UNRISD’den Yeni Bir Eko-Sosyal Sözleşme
Eşitsizlikler konusunda çalışan Birleşmiş Milletler Sosyal Kalkınma Araştırmaları Enstitüsü (UNRISD), 2021-2025 stratejisinde, 20. yüzyılın sosyal sözleşmesi ile Sürdürülebilir Kalkınma Amaçları (SKA)’nın gerçekleştirilmesinin mümkün olmadığını belirtiyor. UNRISD’in, daha kapsayıcı, adil ve sürdürülebilir toplumları inşa etmek için önerdiği yeni ekolojik ve sosyal sözleşme, birçok açıdan 20. yüzyılın sosyal sözleşmesinden farklı. Bu farklılıklar şu şekilde sıralanıyor:
1. Herkes için insan hakları
Yeni eko-sosyal sözleşme, önceki sosyal sözleşmelerden dışlananlar veya kadınlar; kayıt dışı çalışanlar; etnik, ırksal ve dini azınlıklar; göçmenler ve LGBTQIA+ bireyler gibi ikincil bir rollere yerleştirilenler de dâhil olmak üzere herkesin insan haklarından yararlanmasını güvence altına almalıdır. Bu da kayıtlı istihdama bağlı sosyal yardımların ötesine geçen insan haklarına dayalı bir yaklaşımı gerektirir.

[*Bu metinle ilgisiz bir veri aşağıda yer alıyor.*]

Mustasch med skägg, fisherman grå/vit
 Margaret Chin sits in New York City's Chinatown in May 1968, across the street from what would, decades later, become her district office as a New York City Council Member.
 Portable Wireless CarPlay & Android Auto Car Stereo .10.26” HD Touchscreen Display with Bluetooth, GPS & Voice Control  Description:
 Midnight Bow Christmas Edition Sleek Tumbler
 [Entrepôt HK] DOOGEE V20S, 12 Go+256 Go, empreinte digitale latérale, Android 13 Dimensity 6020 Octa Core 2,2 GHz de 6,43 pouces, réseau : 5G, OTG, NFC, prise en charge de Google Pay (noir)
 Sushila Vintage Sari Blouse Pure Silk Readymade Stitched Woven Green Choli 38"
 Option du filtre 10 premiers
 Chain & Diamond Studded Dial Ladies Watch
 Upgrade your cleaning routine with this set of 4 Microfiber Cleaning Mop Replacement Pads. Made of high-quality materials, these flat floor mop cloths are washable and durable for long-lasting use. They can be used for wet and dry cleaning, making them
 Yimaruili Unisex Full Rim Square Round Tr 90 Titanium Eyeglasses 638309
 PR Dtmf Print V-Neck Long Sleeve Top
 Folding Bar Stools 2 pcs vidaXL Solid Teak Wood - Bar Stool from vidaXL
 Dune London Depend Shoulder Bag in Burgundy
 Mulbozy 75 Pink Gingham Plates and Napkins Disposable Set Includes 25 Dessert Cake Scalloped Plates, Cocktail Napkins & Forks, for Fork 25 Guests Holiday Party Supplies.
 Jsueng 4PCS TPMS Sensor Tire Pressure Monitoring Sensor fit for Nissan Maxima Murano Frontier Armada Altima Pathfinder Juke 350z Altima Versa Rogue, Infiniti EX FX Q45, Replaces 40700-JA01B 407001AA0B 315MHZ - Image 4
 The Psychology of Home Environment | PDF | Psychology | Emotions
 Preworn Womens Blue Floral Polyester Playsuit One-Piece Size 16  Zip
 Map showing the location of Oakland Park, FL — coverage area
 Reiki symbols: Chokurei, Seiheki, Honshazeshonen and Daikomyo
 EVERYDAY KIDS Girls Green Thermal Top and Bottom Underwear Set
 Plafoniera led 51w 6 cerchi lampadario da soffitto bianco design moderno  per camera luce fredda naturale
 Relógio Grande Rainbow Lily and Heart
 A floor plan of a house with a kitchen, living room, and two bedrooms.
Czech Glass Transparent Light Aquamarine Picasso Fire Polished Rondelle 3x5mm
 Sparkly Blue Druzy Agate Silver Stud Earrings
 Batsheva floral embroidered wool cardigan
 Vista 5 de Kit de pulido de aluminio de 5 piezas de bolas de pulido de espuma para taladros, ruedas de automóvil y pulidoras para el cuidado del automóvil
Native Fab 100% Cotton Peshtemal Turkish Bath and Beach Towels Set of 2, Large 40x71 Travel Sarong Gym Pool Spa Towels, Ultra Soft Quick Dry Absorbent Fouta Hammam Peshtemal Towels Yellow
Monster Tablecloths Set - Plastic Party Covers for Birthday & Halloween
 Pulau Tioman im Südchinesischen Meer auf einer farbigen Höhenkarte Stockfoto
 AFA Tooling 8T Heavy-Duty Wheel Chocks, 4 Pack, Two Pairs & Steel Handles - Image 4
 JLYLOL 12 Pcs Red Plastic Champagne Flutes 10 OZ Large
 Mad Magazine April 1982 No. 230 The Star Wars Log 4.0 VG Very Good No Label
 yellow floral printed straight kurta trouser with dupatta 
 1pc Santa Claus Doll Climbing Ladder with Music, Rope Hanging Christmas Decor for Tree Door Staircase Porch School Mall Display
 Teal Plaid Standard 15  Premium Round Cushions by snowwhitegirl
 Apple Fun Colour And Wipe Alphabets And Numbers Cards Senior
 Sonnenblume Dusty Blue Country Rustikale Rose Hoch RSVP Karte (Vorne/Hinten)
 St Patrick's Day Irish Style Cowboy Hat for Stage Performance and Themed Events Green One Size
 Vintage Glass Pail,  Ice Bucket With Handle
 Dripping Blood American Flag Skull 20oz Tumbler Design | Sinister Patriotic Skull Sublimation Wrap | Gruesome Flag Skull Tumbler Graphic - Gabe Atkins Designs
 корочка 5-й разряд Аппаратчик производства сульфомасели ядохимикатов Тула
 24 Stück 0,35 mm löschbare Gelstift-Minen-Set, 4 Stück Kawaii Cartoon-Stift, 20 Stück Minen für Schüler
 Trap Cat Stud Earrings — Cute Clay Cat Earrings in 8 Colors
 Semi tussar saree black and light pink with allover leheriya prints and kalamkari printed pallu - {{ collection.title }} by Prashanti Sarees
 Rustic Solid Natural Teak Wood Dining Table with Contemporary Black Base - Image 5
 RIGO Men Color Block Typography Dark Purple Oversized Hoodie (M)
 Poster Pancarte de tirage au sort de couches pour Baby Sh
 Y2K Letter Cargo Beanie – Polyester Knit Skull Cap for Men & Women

2. İlerici bir mali sözleşme
Yeni bir eko-sosyal sözleşme, iklim eylemi ve Sürdürülebilir Kalkınma Amaçları (SKA)’nın uygulanmasını finanse edecek kaynakları toplayan ve finansman yükünü adil bir şekilde dağıtan yeni bir mali sözleşmeyle birlikte yürümelidir.
3. Ekonomileri ve toplumları dönüştürmek
Yeni eko-sosyal sözleşme, iklim değişikliğini ve çevresel yıkımı durdurmak; sosyal içermeyi ve toplumsal eşitliği geliştirmek için ekonomileri ve toplumları dönüştürmemiz gerektiğine dair ortak kabule dayanmalıdır.
4. Doğa sözleşmesi
Yeni eko-sosyal sözleşme, insanların küresel ekosistemin bir parçası olduğunu kabul etmelidir. Elzem ekolojik süreçleri, yaşam destek sistemlerini ve yaşam formlarının çeşitliliğini korumalı ve doğa ile uyum sağlamayı amaçlamalıdır.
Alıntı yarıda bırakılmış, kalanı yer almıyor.